(Input records Opens)
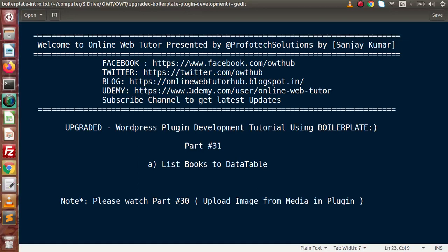Hello guys, welcome to Online Web Tutor presented by the Profodex Relations team. I am Sancher. We are learning WordPress plugin development tutorial using boilerplate. This is our part number 31.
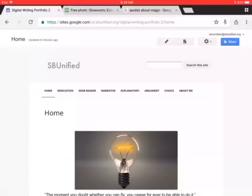Hello, this is Ms. McMillan and this is your fourth video for how to build your digital writing portfolio on Google Sites on an iPad.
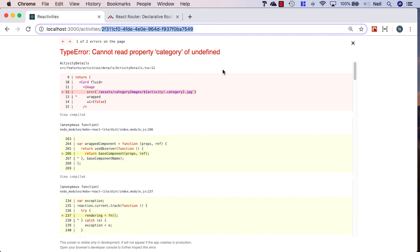So what we're going to need to do is we're going to need to create a method to go and get an individual activity from our API, and we'll take a look at that next.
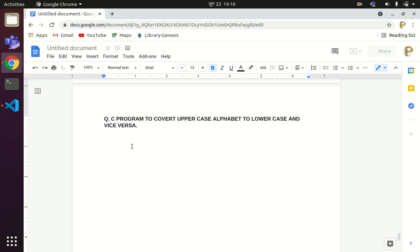Dear students, welcome back to our channel Easy Explanation. In this tutorial, I will be learning about a C program to convert uppercase alphabet to lowercase and vice versa. So your program should produce the output something like this.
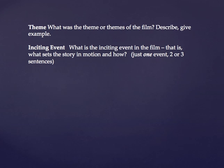The inciting event is what gets the story in motion — what starts everything off. It happens early in the film because it has to start everything. In Jurassic Park it would be that the dinosaurs are accidentally set loose because of the storm and the power outage. That's the inciting event — it starts it all off.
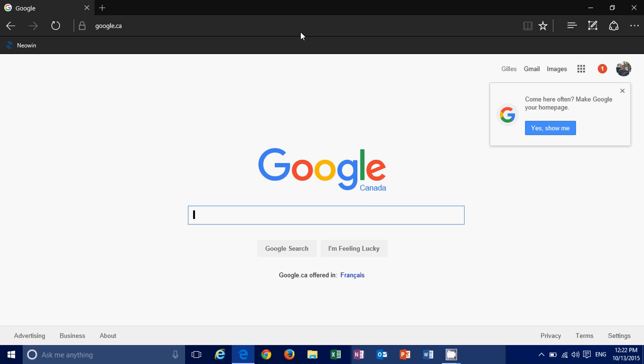This is a feature actually that was available, it's already available on Google Chrome and now they had it in Edge. That's what I wanted to say.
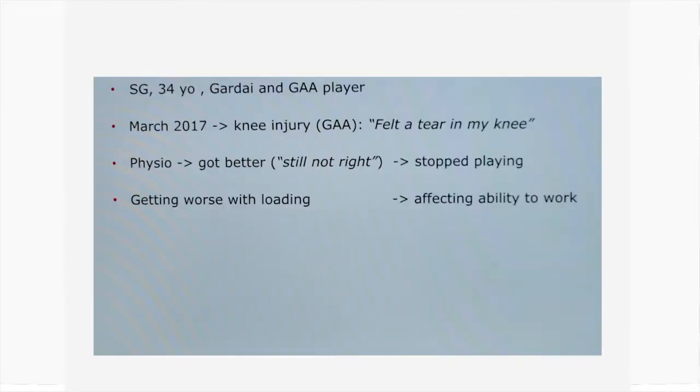I remember this patient, 34 years of age, a Garda and GAA player. He clearly recalls an accident while playing GAA and presented with an acute traumatic medial meniscal tear. I will show you his MRI and the rationale for performing surgery on him. This patient presented to me after a GAA injury when he felt a tear in his knee.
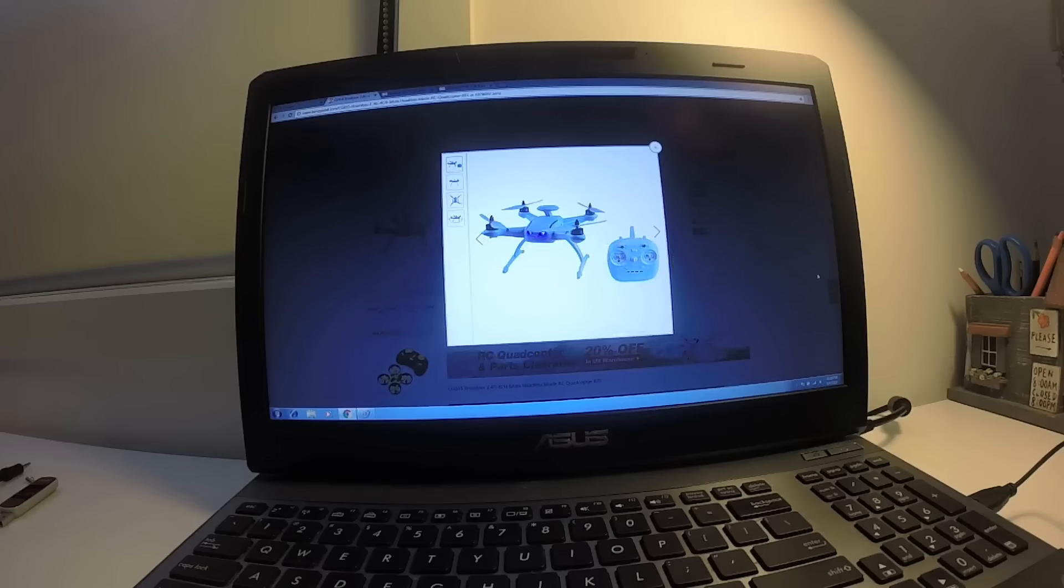It doesn't seem to be a good GPS-enabled quad, and also this is a brushed model. If you look at the price, this is $89.59, and the CG035 brushless is $117.99, so you pay about $27 more.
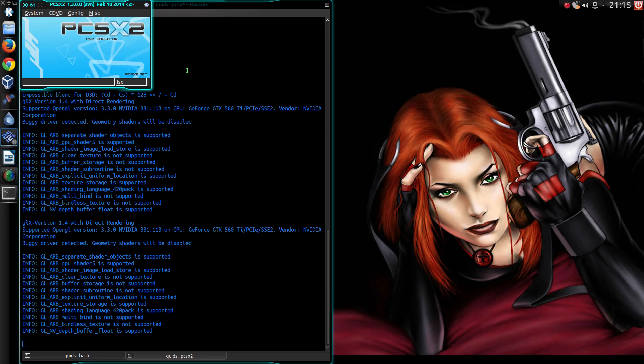So that's how to get the PlayStation 2 emulator PCSX2 working in Ubuntu. So thanks for watching, I'll see you all later.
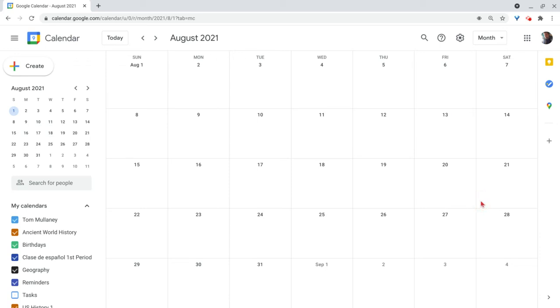Hi, I'm Tom Malini. I'm here today to show you that you can now use Google Maps inside of Google Calendar.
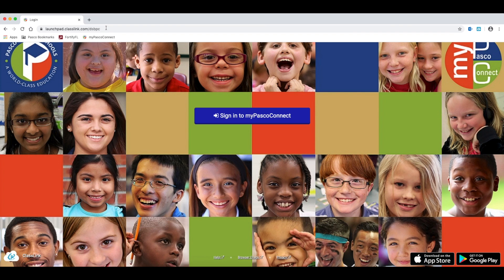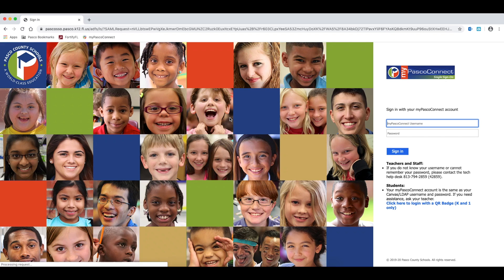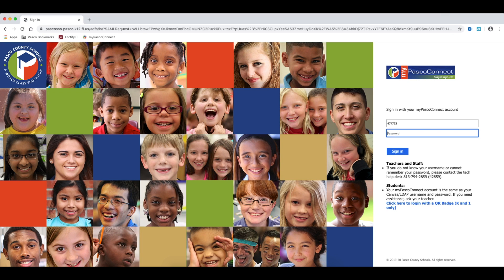At the login page, click the blue Sign in to MyPasco Connect button. Students will use their student number in the username field and their password in the password field.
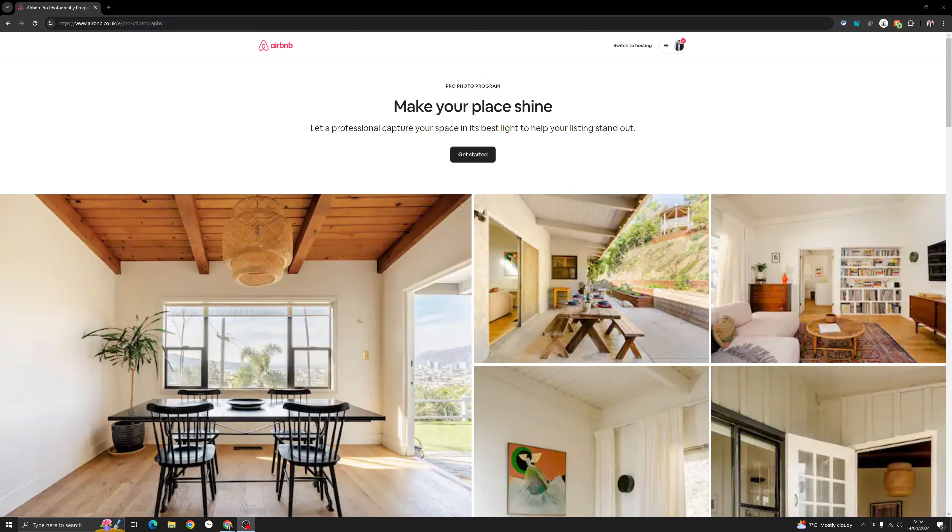If you're looking to get professional photos of your listing, Airbnb can organize a professional photographer for you. In this video, I will show you exactly how you can do that.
(Input records Closes)
### Your objective
Each line from the first line of the records through the line containing "So what we're" must be reproduced exactly, with both ends included and all pictures omitted; nothing else belongs in the answer.

### Answer box
Hello guys, welcome to Online Web Tutor presented by the Profodex Relations team. I am Sancher. We are learning WordPress plugin development tutorial using boilerplate. This is our part number 31.
Hello, this is Ms. McMillan and this is your fourth video for how to build your digital writing portfolio on Google Sites on an iPad.
So what we're going to need to do is we're going to need to create a method to go and get an individual activity from our API, and we'll take a look at that next.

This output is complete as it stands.